My introduction to the world of psychiatric medications came in 1993. I was experiencing difficulty with anxiety in social situations and went to see a psychiatrist for help with my problem. After about half an hour with the psychiatrist, I was handed a prescription for Prozac. This drug in conjunction with therapy was supposed to help me with my anxiety. The doctor was right. After a few weeks on the drug I was no longer terrified of social situations. I no longer felt the fear that had been there before. The problem was I didn’t FEEL much of anything else either. The drug made me fearless, emotionless and numb. After a few months on the drug I became anorexic and started drinking alcohol to enhance the effects of the drug. This behavior was not typical of me at all. I felt out of touch and kind of crazy. I couldn’t see straight or think straight. I started to not care about anything at all…especially my life. After several months on the drug, completely emaciated and out of touch I had a sudden urge to end my life. And it was that matter of fact. I went home, had a brief conversation with my roommate and then went into the bedroom and overdosed on painkillers. As crazy as this sounds…the Prozac told me to do it. I wasn’t hearing voices literally…but there was just this urge to take all those pills and my mind kept saying, “just do it, just do it.” I don’t think I really wanted to die, I just didn’t care if I lived. For me, Prozac just lowered my inhibitions TOO much.
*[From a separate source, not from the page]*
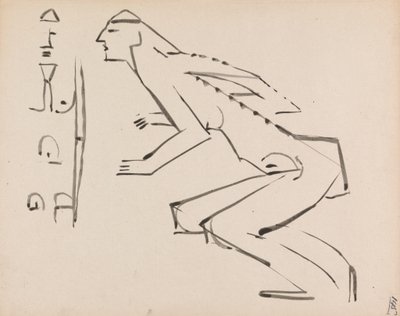 Twee Studies voor een Beeldhouwwerk door Henri Gaudier Brzeska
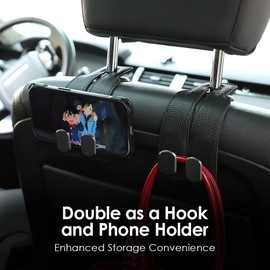 KINIVA Car Seat Headrest Storage Hooks, Set of 2, Suede PU Leather, Double Hooks (05 Black)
I recovered from this ordeal and also got some help with my eating disorder, but I still had the social anxiety. I desperately wanted to go back to college, but feared the classroom setting. I was then switched to Paxil. I was on and off Paxil for a few years. It did help with the anxiety, but much like the Prozac it caused me to lose feelings and become numb (both physically and emotionally). Sex was out of the question because I couldn’t feel anything. The dose had to be increased every few months because the drug would start to lose it effectiveness and my anxiety would increase. It was like riding a roller coaster. The drug also made me feel spaced out and out of focus. The world had a haze around it. I hated being on this medication and I especially hated having to take it every day (as you must to maintain the drug level in your blood). The problem was if I skipped a couple of days, I would go into drug withdrawal so I had to stay on it or pay the price. I withdrew from Paxil several times. It was not fun and usually lasted a few weeks. Mostly it was a feeling of being out of my body, an inability to focus, incredible itching and feeling like I was in a dream. It was frightening, but always went away eventually. I finally had it with this drug and asked my psychiatrist to give me a medication I could “take as needed.” Enter Klonopin.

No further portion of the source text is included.